**Instructions for the task:**
Your answer must be an exact copy of the lines below, from the first through the one with "Các đại biểu", with no pictures.

**Given records:**

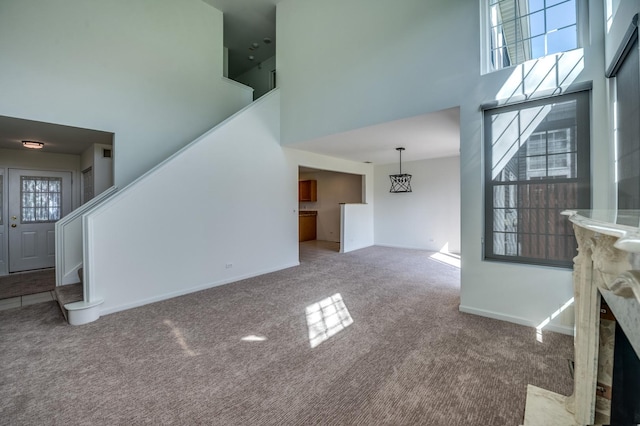 3924 Garnette Ct, Naperville, IL 60564 - unfurnished living room featuring a high ceiling, carpet flooring, baseboards, and stairs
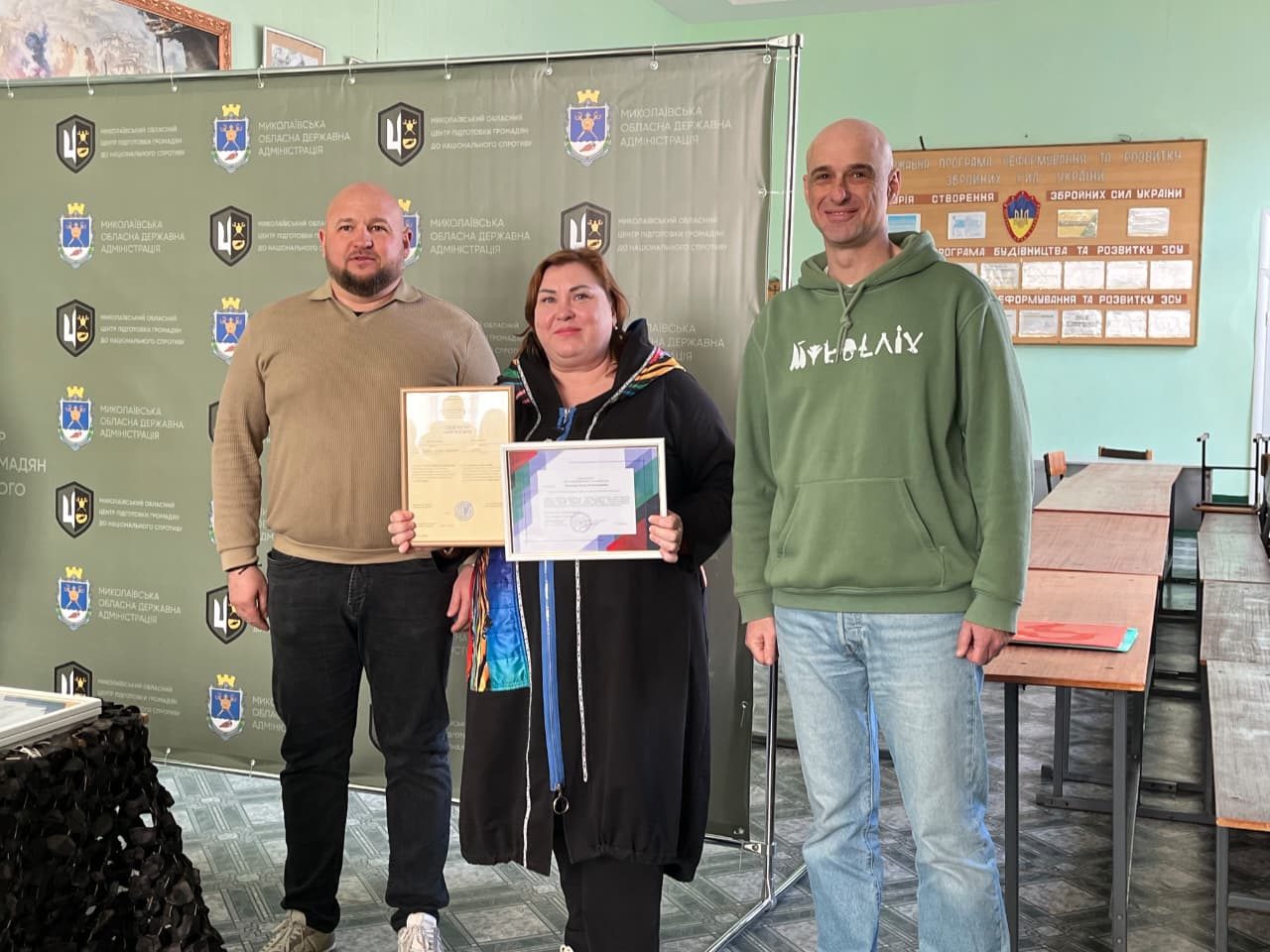 Троє людей у приміщенні на фоні офіційного стенда з гербами та інформаційного плаката. У центрі — жінка з темним волоссям у чорному кардигані, яка тримає в руках дві почесні грамоти в рамках. Поряд з нею стоять двоє чоловіків у повсякденному одязі. Атмосфера події — урочисте нагородження.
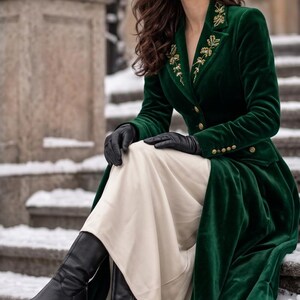 May include: A long-sleeved, dark green velvet coat featuring gold-toned buttons and intricate gold embroidery on the lapels. The coat is worn over a long, cream-coloured skirt, paired with black leather gloves and black leather heeled boots.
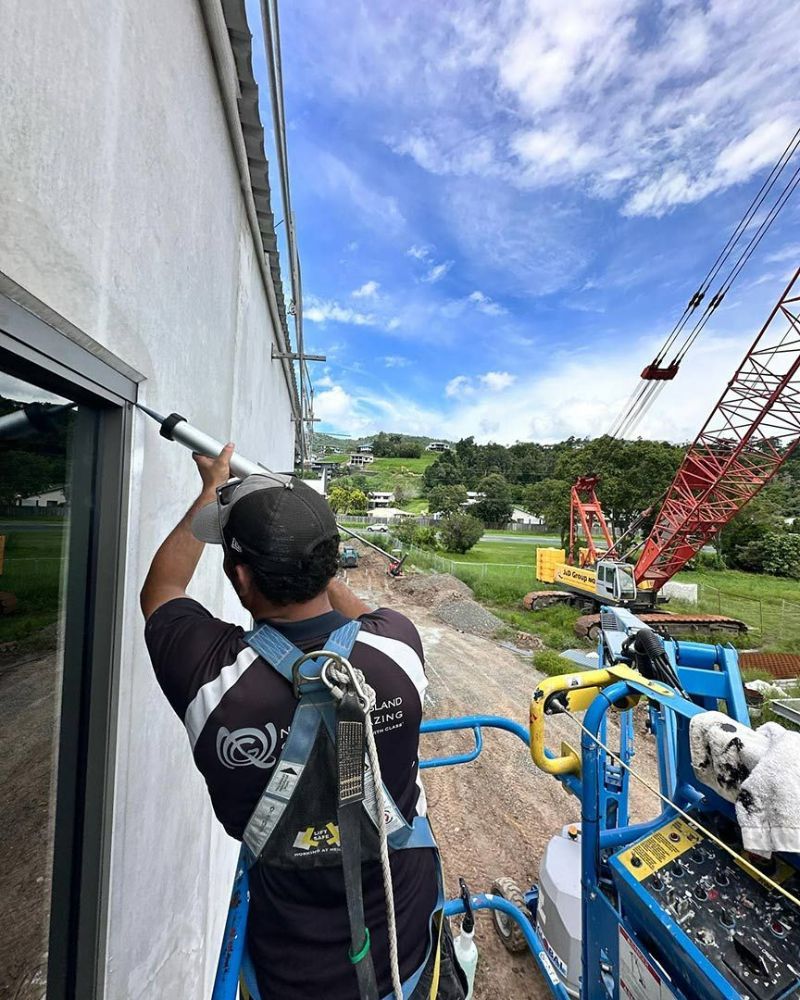 A Man Is Working on A Building with A Crane in The Background — North Queensland Glass & Glazing In Cannonvale, QLD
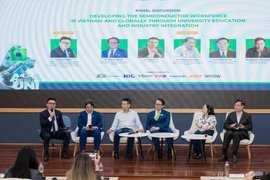 Các đại biểu phát biểu tại hội thảo. (Ảnh: PV/Vietnam+)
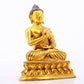 A serene gilt bronze statue of Gautama Buddha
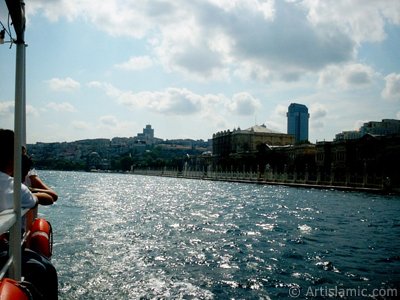 View of Dolmabahce Palace and Valide Sultan Mosque from the Bosphorus in Istanbul city of Turkey. (The picture was taken by Artislamic.com in 2004.)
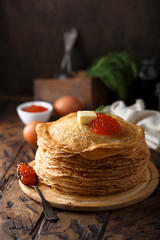 Traditional Russian pancakes with butter and red caviar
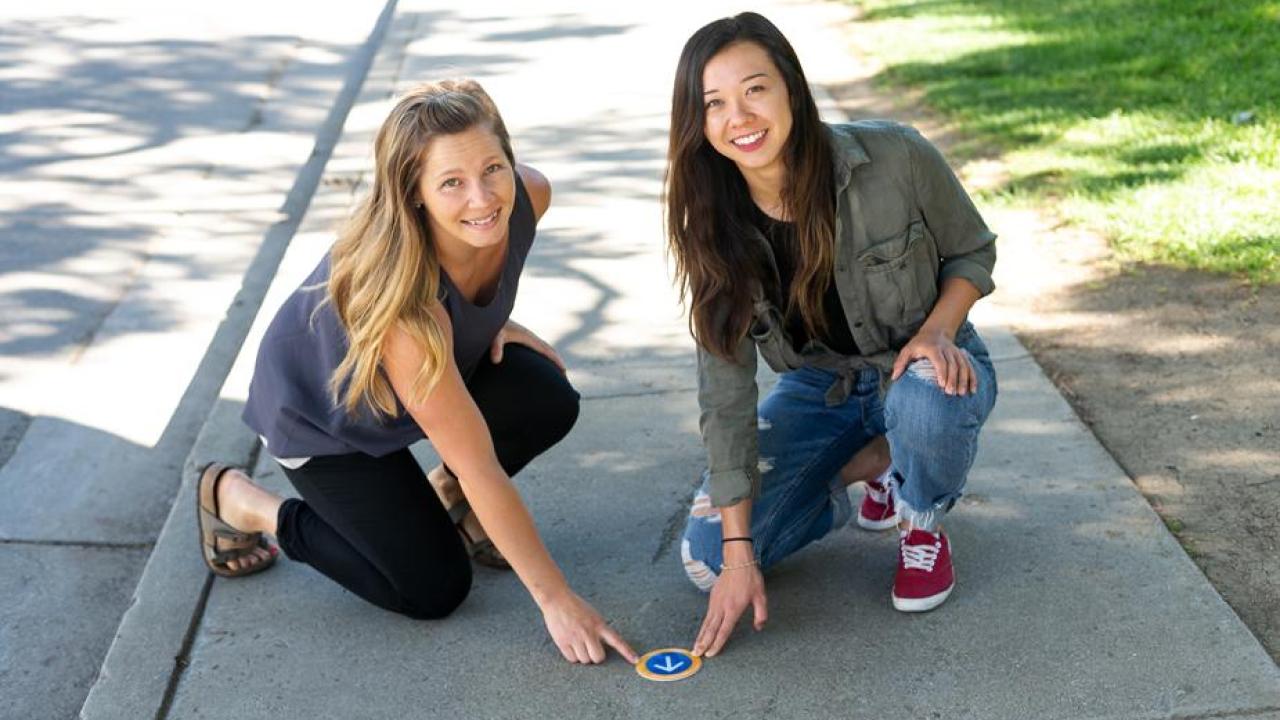 Two women point to walking loop sign on sidewalk.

**Response to this exercise:**
 3924 Garnette Ct, Naperville, IL 60564 - unfurnished living room featuring a high ceiling, carpet flooring, baseboards, and stairs
 Троє людей у приміщенні на фоні офіційного стенда з гербами та інформаційного плаката. У центрі — жінка з темним волоссям у чорному кардигані, яка тримає в руках дві почесні грамоти в рамках. Поряд з нею стоять двоє чоловіків у повсякденному одязі. Атмосфера події — урочисте нагородження.
 May include: A long-sleeved, dark green velvet coat featuring gold-toned buttons and intricate gold embroidery on the lapels. The coat is worn over a long, cream-coloured skirt, paired with black leather gloves and black leather heeled boots.
 A Man Is Working on A Building with A Crane in The Background — North Queensland Glass & Glazing In Cannonvale, QLD
 Các đại biểu phát biểu tại hội thảo. (Ảnh: PV/Vietnam+)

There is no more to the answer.